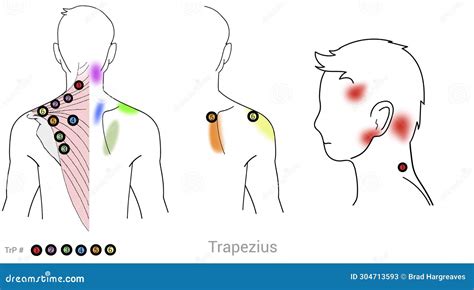 Trapezius Muscle Managing Pain Arriving From Myofascial Trigger Points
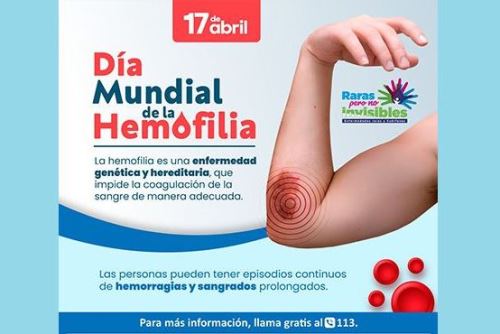 Día Mundial de la Hemofilia: aproximadamente 3,400 peruanos sufren de esta enfermedad. Foto: ANDINA/Difusión.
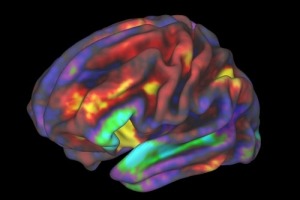 fMRI image of preteen brain while child performs a working memory task, released by ABCD researchers. The regions in yellow and red are most active.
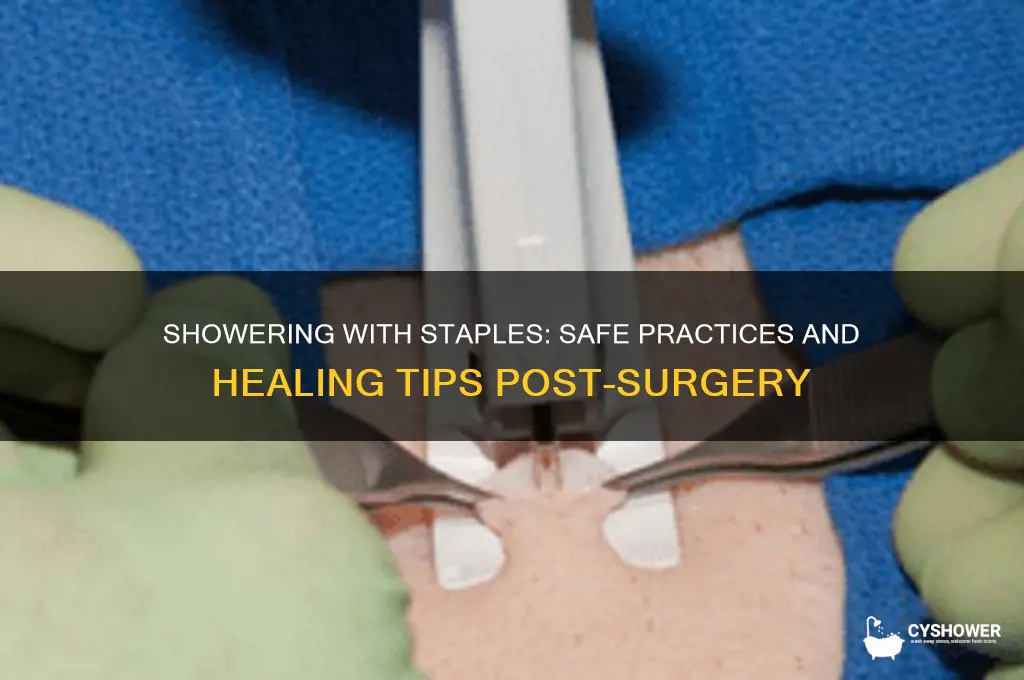 can i shower with staples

----

**Required action**
Restate all of the material word for word, leaving every picture out.

**Task solution**
 Trapezius Muscle Managing Pain Arriving From Myofascial Trigger Points
 Día Mundial de la Hemofilia: aproximadamente 3,400 peruanos sufren de esta enfermedad. Foto: ANDINA/Difusión.
 fMRI image of preteen brain while child performs a working memory task, released by ABCD researchers. The regions in yellow and red are most active.
 can i shower with staples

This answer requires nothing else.